トヨタ自動車が長年培ってきたブランドの信頼性は、今や地に堕ちつつあると言っても過言ではない。昨年から今年にかけて発生した大規模なリコールは、消費者にトヨタ製品の安全性を疑わせるのに十分な“有事”であった。果たして一連の騒動は、ドライバーの「トヨタ離れ」を引き起こすきっかけとなるのだろうか? そして、トヨタ車は本当に危険なのだろうか? 今回のリコール問題に関して、ユーザーの声を分析してみたい。(取材・文/友清 哲、協力/プレスラボ)

初動の対応は万全だったか?
トヨタ大規模リコールの顛末

 連日のようにメディアを賑わしているトヨタ車のリコール(回収・無償修理)問題。騒動の震源地となった米国に豊田章男社長が自ら赴き、米議会の公聴会に出席する事態に発展した。トヨタはいったいどうなってしまうのか?

 まずは、今回のリコール問題に関する一連の流れをおさらいしておく。事の起こりは昨夏、米カリフォルニア州で発生した、乗員4名が死亡する事故だった。トヨタ自動車の「レクサス」が、突然暴走したのだという。

 トヨタはその原因を、「フロアマットが二重に敷かれたことによる誤作動である」とし、メーカー責任を否定した。だが、実際にはこの2年前から同社の製品でアクセルペダルの不具合が報告されていたにもかかわらず、リコール措置を採らずにやり過ごした経緯が明るみに出る。

 がぜん、企業倫理を問う報道が増えるに連れ、自社の責任を否定したまま、トヨタは昨秋米国内で販売した乗用車8車種・約426万台を対象に、ペダルの無償交換を開始した。事実上のリコールである。

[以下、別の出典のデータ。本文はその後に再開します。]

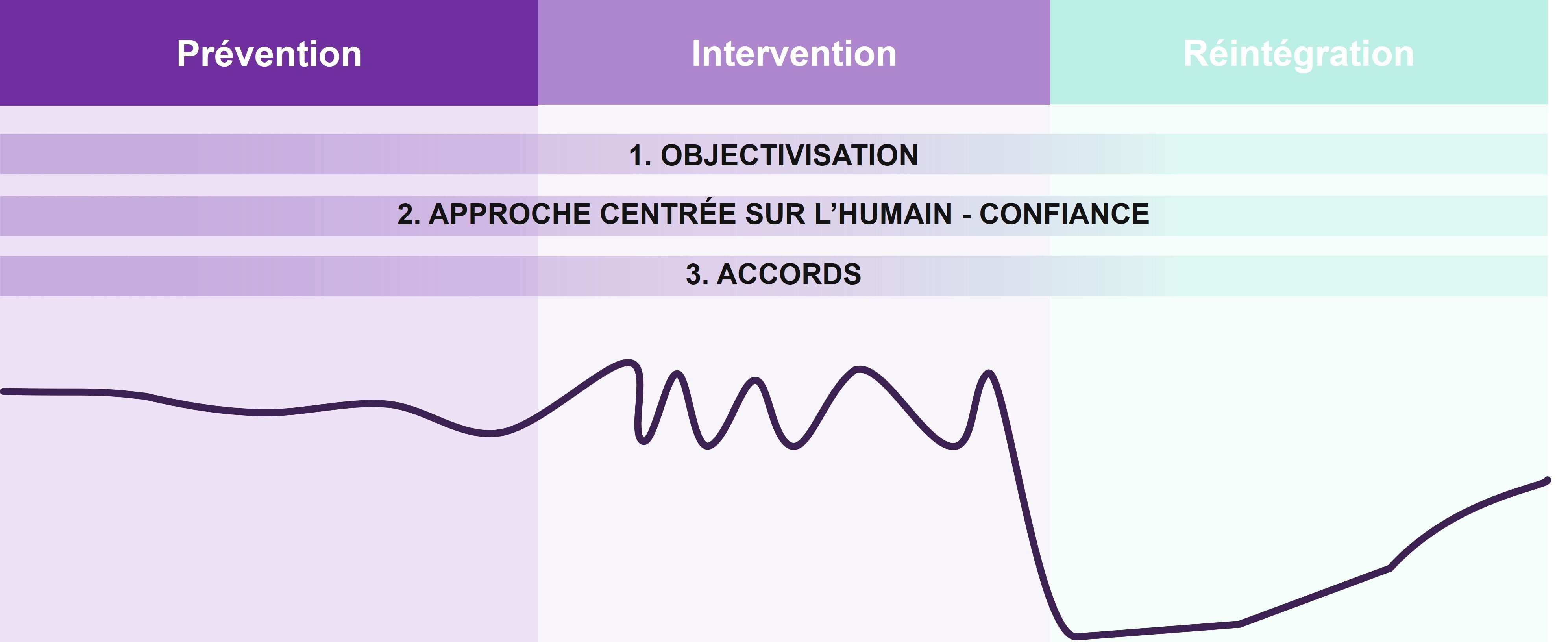 Preventie -Intervisie - Re-integratie_FR_V2 1 Preventie -Intervisie - Re-integratie_FR_V2 1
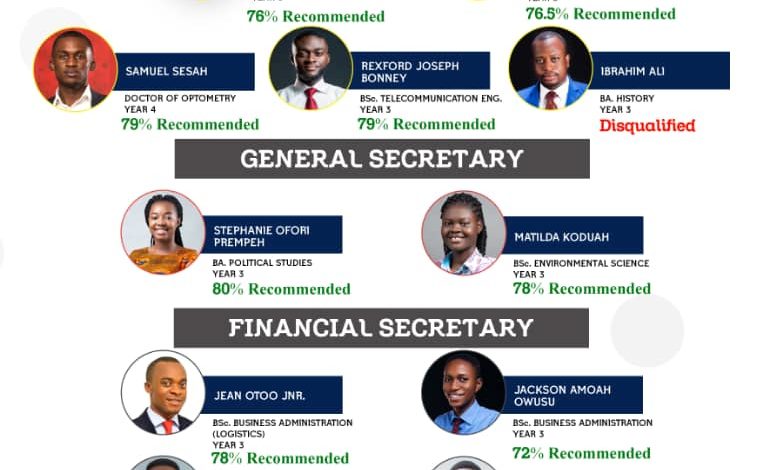 2020 KNUST SRC Vetting results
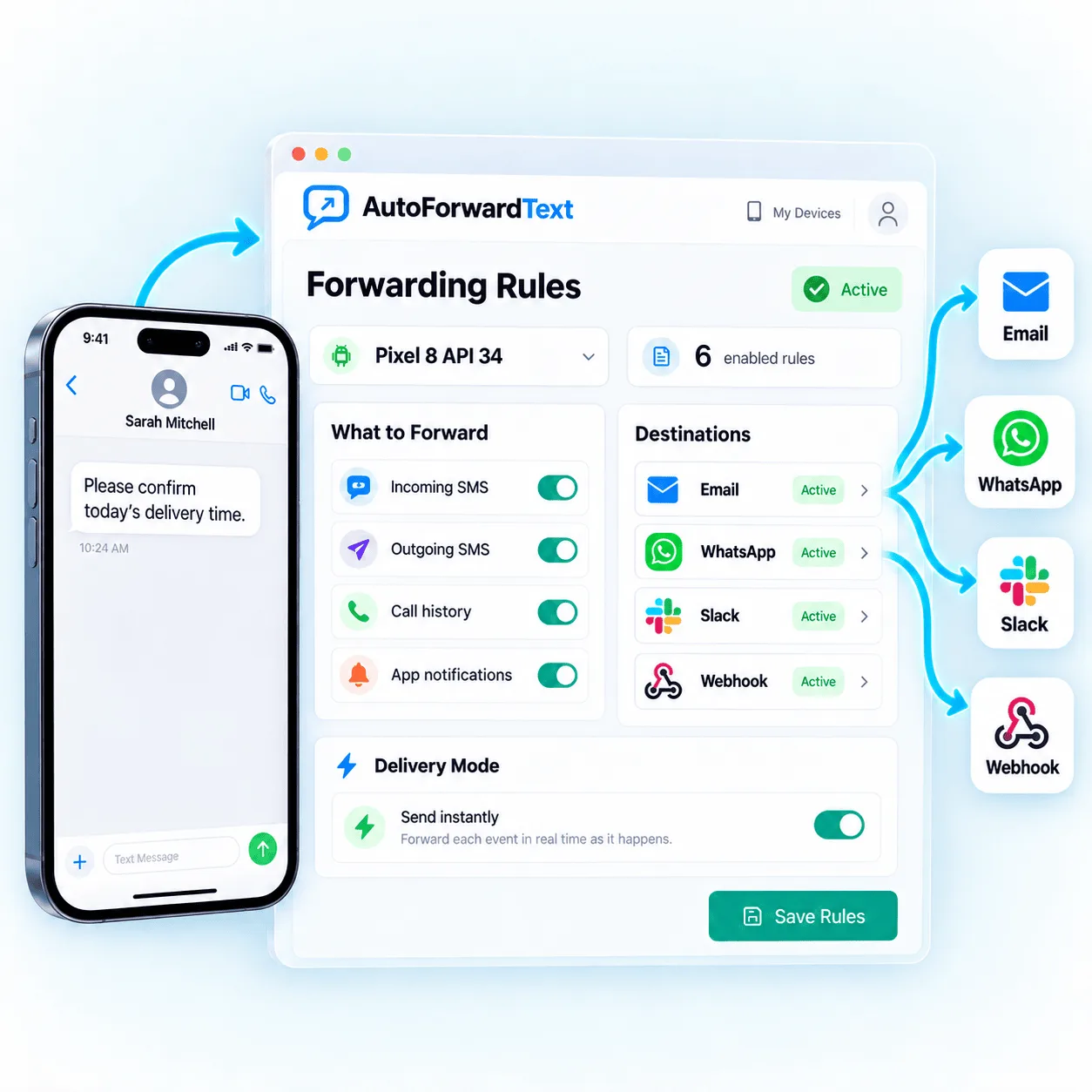 AutoForward Text feature dashboard with SMS forwarding rules and business destinations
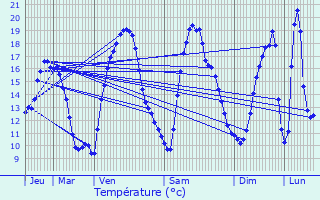 Graphique des tempratures prvues pour Hourges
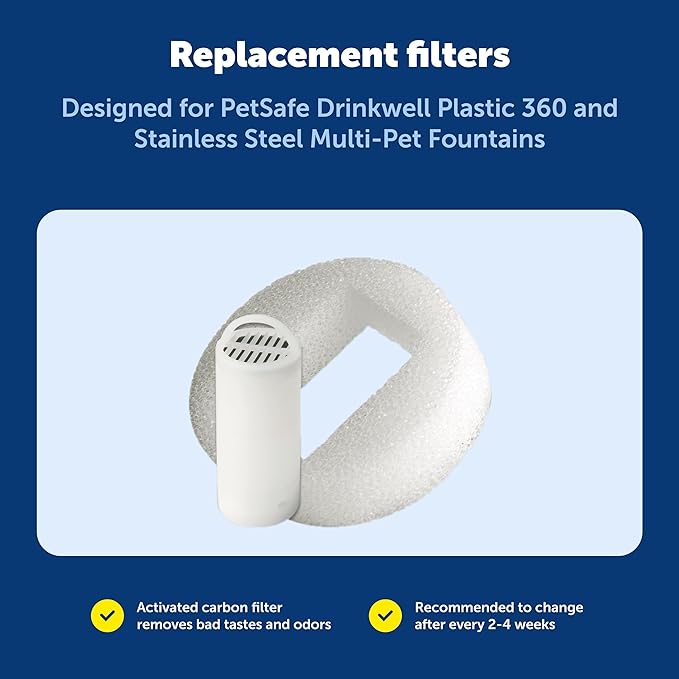 PetSafe Drinkwell Replacement Carbon Filters, Dog and Cat 360 Water Fountain Filters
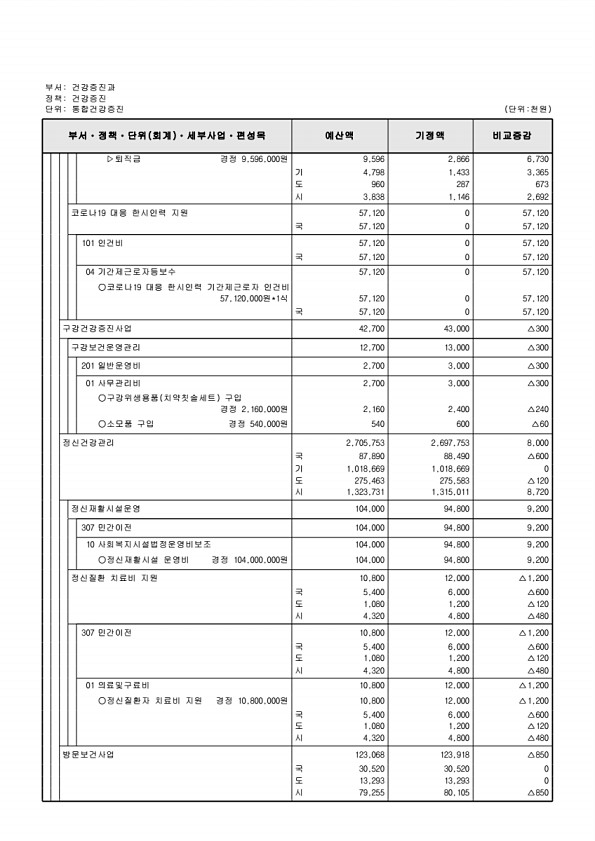 385페이지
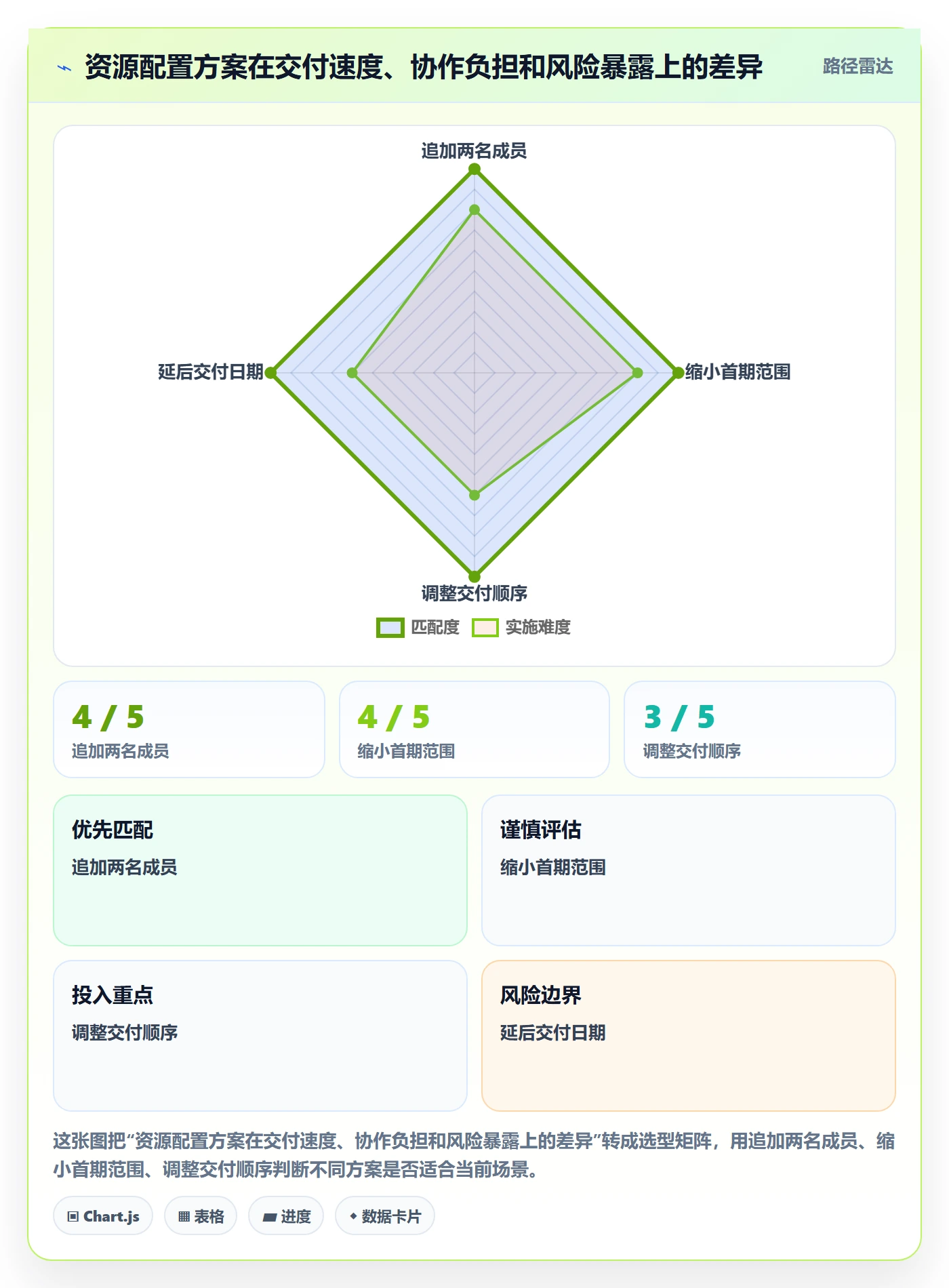 人力资源计划如何做好工作量?跨部门团队实操方法与操作步骤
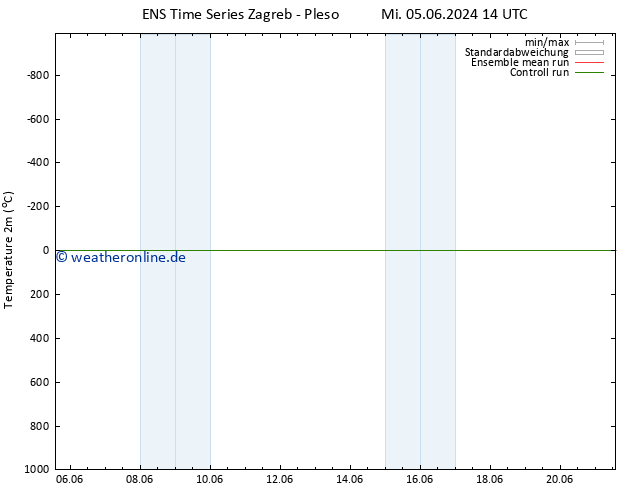Temperaturkarte (2m) GEFS TS Mi 05.06.2024 14 UTC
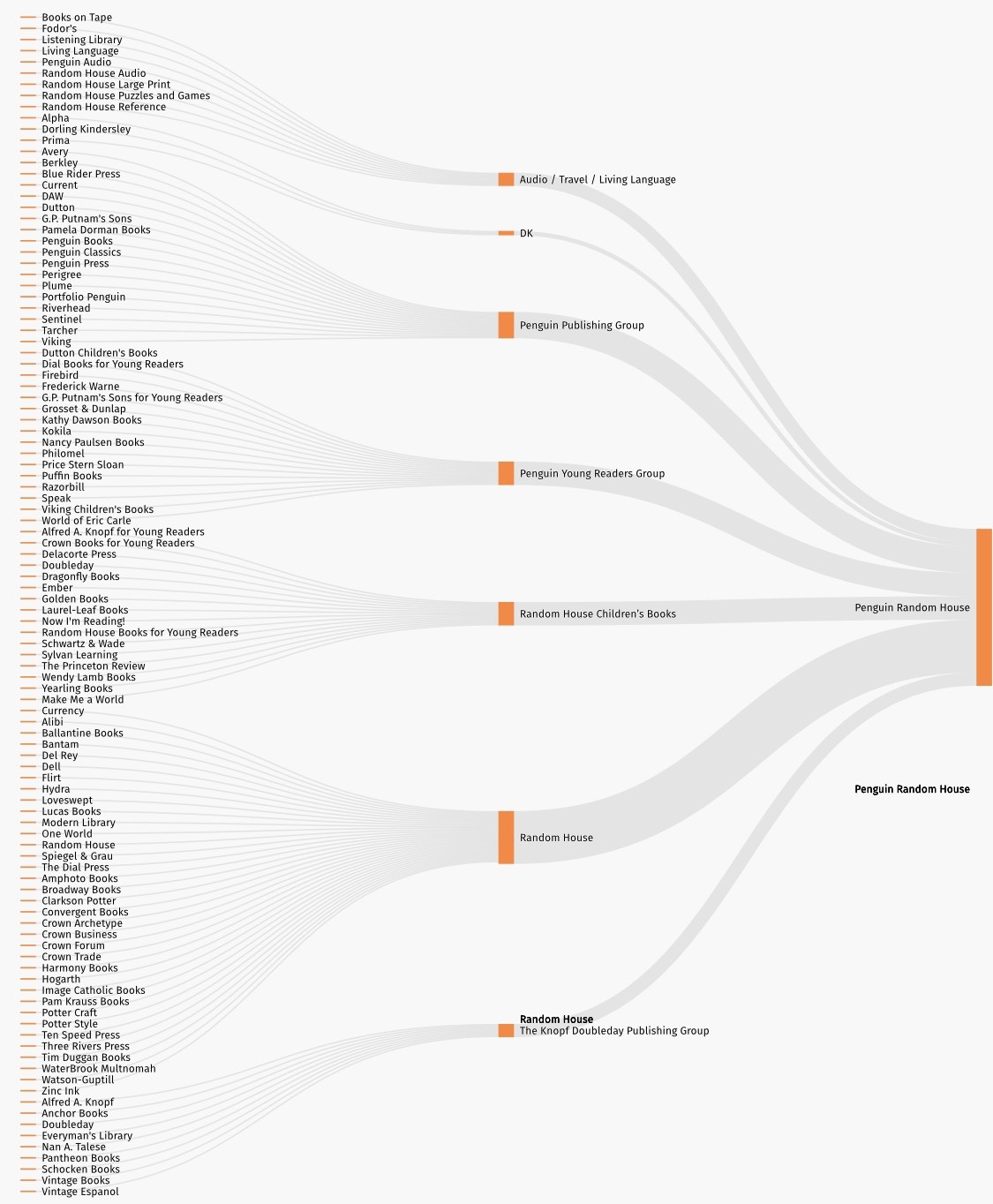 de che xuat ban anh 3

 さらに今年1月に入ってから、追加で約230万台を対象としたリコールが発表されたことで、騒動はヨーロッパや中国にまで飛び火する形となった。

 トヨタの社内調査により、摩耗によってアクセルペダルの稼働に支障をきたすという、物理的な不具合が確認されたことからしても、リコールはメーカーとして当然の義務とも言える。

 問題は、初動の段階で「リコール隠し」があったのではないかという疑念と、欠陥があまりにも大規模に及ぶことから生じる技術力への懸念などが、想像以上に根強いことだ。メディアを通して、連日トップメーカーには相応しくないネガティブ・キャンペーンが展開されている。